*** DATA EXTRACTS ***

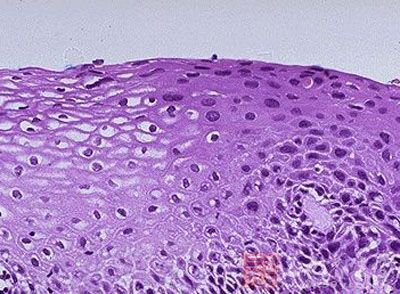 女性的第 一大杀手竟是它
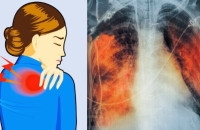 5 πόνοι στο σώμα που δεν πρέπει ποτέ να αγνοήσεις, τι σημαίνουν για την υγεία σου και τι πρέπει να κάνεις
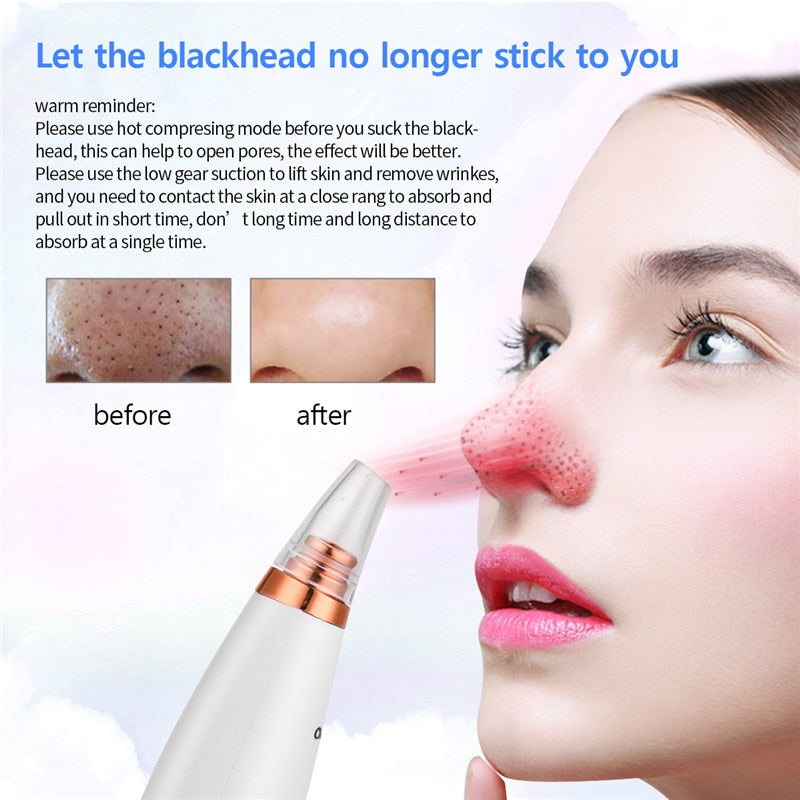 6 In 1 Electric Facial Blackhead Remover Vacuum Suction Pore Removal Deep Cleaning Face Cleanser Household Beauty Tools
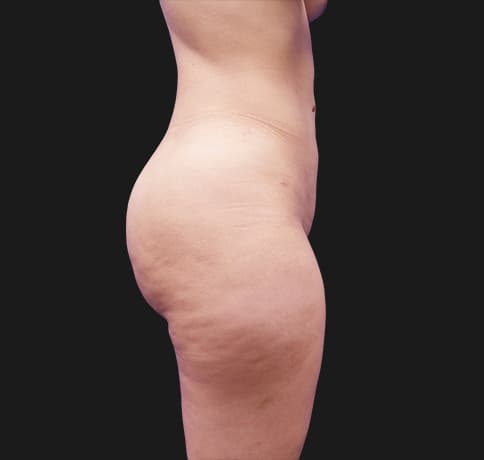 Case 41224, Performed By Dr. Tehrani – After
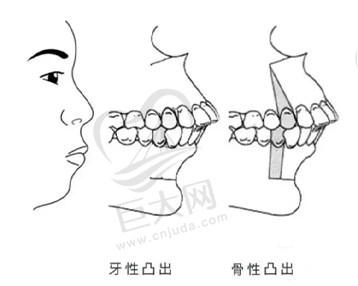 嘴凸的区别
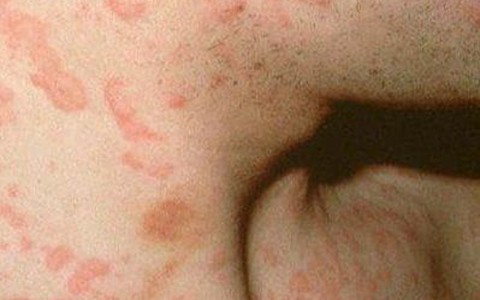 Những biện pháp vàng để tránh nổi mề đay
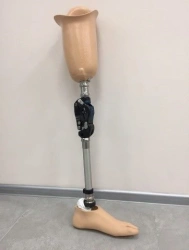 Modular Hip Prosthesis for Amputation Recovery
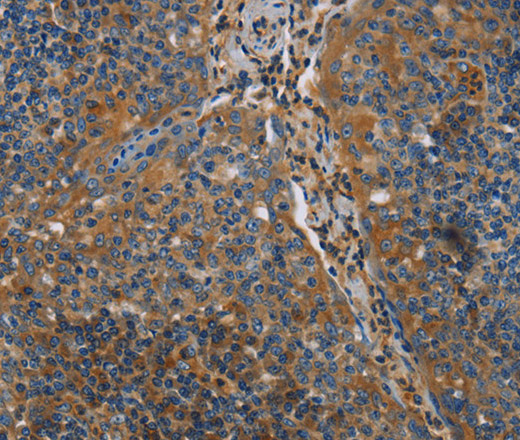 Immunohistochemistry of paraffin-embedded Human tonsil using NRN1 Polyclonal Antibody at dilution of 1:40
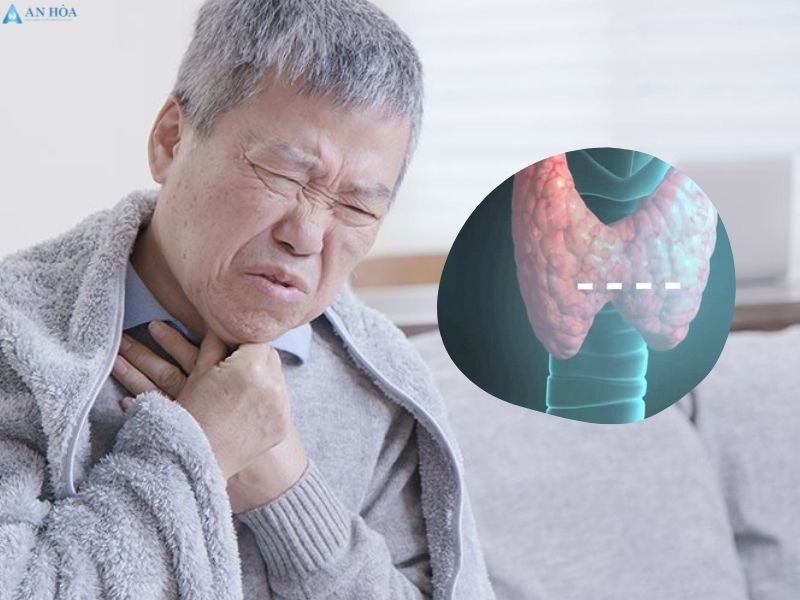 Điều trị bướu cổ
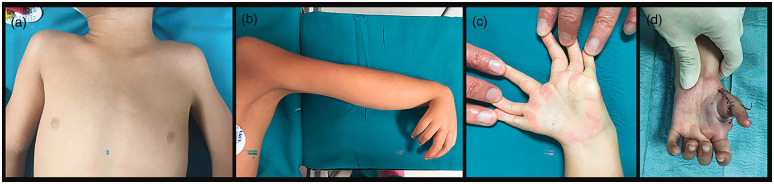 Ulnar dimelia - a review of 24 cases.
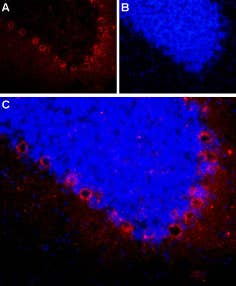 Anti-NPY2R Antibody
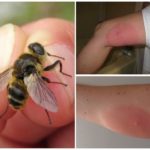 Gadfly Bite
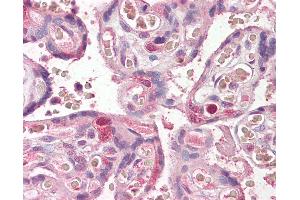 Anti-FANCE antibody IHC of human placenta. (FANCE anticorps  (AA 235-247))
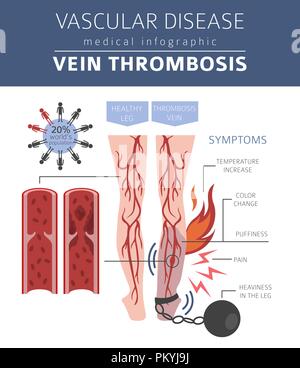 Les maladies vasculaires. Thromboses veineuses symptômes, traitement icon set. Conception infographique médical. Vector illustration Illustration de Vecteur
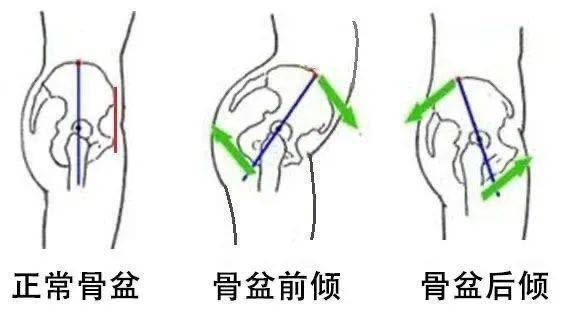 骨盤前傾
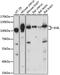 Advillin antibody, A15785, ABclonal Technology, Western Blot image 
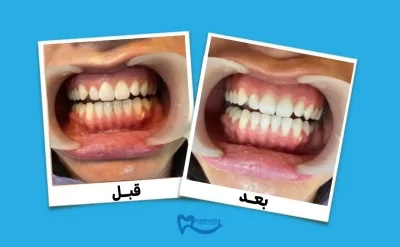 بلیچینگ چقدر دندان را سفید میکند؟
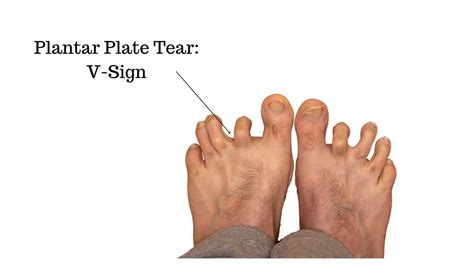 Plantar Plate Tear: Symptoms, Causes and Treatment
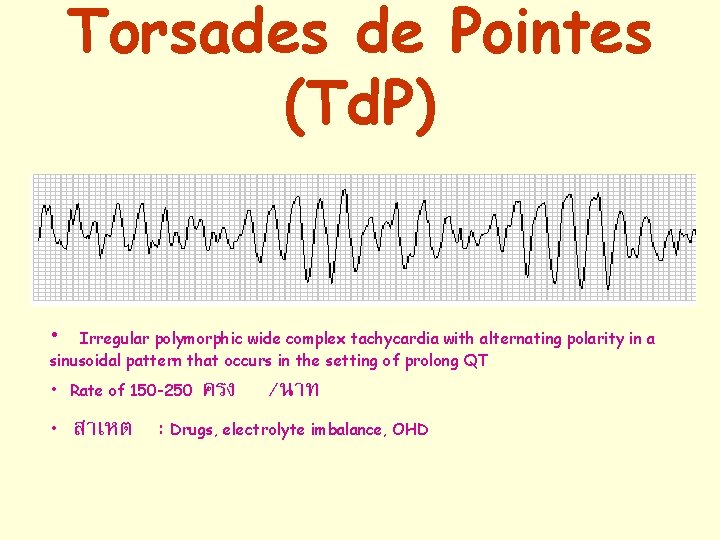 Torsades de Pointes (Td. P) • Irregular polymorphic wide complex tachycardia with alternating polarity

*** End of DATA EXTRACTS ***

Copy exactly the lines from the line that has "Điều trị bướu cổ" through the last line of the entries above, inclusive, and no others. Pictures do not go in the copy.

 Điều trị bướu cổ
 Ulnar dimelia - a review of 24 cases.
 Anti-NPY2R Antibody
 Gadfly Bite
 Anti-FANCE antibody IHC of human placenta. (FANCE anticorps  (AA 235-247))
 Les maladies vasculaires. Thromboses veineuses symptômes, traitement icon set. Conception infographique médical. Vector illustration Illustration de Vecteur
 骨盤前傾
 Advillin antibody, A15785, ABclonal Technology, Western Blot image 
 بلیچینگ چقدر دندان را سفید میکند؟
 Plantar Plate Tear: Symptoms, Causes and Treatment
 Torsades de Pointes (Td. P) • Irregular polymorphic wide complex tachycardia with alternating polarity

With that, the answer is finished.